I am working on a problem that requires a very large join. The JOIN itself is pretty straightforward but the amount of data I am processing is very large. I am wondering for very large JOINs, is there a preferred type of technology. For example, is it more effective to a Data Warehouse (like Snowflake) or in some other MPP system like Spark?

To make the problem more concrete I created a hypothetical problem similar to my actual problem. Assume I have a table that looks like this: enter image description here

I am working on some logic that requires account pairs that have the same name. To find pairs of accounts with the same account I can easily do something like this:

FROM accounts as account1
JOIN accounts as account2 ON account1.name = account2.name AND account1.acount_id != account2.acount_id

The problem I am facing is due to the amount of data I am processing. There are roughly ~2 trillion records I am trying to self JOIN on. Obviously, this will take some time and some pretty serious compute. I have run a similar query in Snowflake using XL and 3XL warehouses but after several hours of running, I canceled them. I am hoping there is a more cost-effective or time-efficient way.

Has anyone had success with massive JOINs? Are there any other tricks I could deploy? What tool did you find the most effective?
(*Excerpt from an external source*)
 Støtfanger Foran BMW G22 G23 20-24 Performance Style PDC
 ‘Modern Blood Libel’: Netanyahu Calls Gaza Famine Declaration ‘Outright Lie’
  • This isn't really a problem solvable by changing the tool, rather it's one that is by change in process, architecture, or hardware. For example, hashing the name, indexing that hash, and pre-staging the materialized results are techniques to help you solve this problem. Those are all techniques generally applicable to most database systems. After properly architecting your system and improving your process, it just becomes a numbers game with the amount of data you have. E.g. 1 terabyte of data = 1 terabyte of data, no matter what system you use to store it.
    – J.D.
    Commented Feb 25, 2022 at 0:04
  • @J.D. Actually there are important architectural supports for large joins in some database systems that are simply not available in others. This is a valid question. Commented Nov 15, 2022 at 2:09
  • @WestCoastProjects In all modern mainstream database systems, and I'm sure also in Snowflake, employ pretty much the same techniques for handling joins with large datasets. In fact, even the novelty join methodology you mentioned in your answer uses essentially the same standard algorithms under the hood as the typical physical join operators of other systems. I never said OP's question was invalid, rather offered one way to help solve his problem architecturally.
    – J.D.
    Commented Nov 15, 2022 at 2:24
  • J.D. Please provide evidence that any of the other systems support the specific approach mentioned in my answer. I would be more than glad to learn that others do: but making assumptions ("I'm sure") does not cut it. Even getting spark 's support to work is arduous and it does explicitly support it. Commented Nov 15, 2022 at 2:31
  • @WestCoastProjects I didn't say the specific approach is exactly available among other systems but under the hood of the operation you referenced is either a Hash or Merge Join of sorts which are natively implemented in all modern mainstream relational database systems. While I'm sure the exact operation you speak of has been fine tuned for specific use cases to improve performance by a degree, it's nothing revolutionary, else it'd be the standard. I say this as someone who has worked with and joined tables in the 10s of billions, on modest hardware, regularly.
    – J.D.
    Commented Nov 15, 2022 at 2:39

1 Answer 1


I am not sure whether exporting such amount of data would be faster/cheaper.

Instead of self-join I would try sorting or grouping:

GROUP by name


WITH cte as (
    select name, row_number() over (order by id partition by name) as rn
select name from cte where rn > 1;

And choose the biggest warehouse. The smaller warehouse the more spilling to disk, which significantly slows down the execution.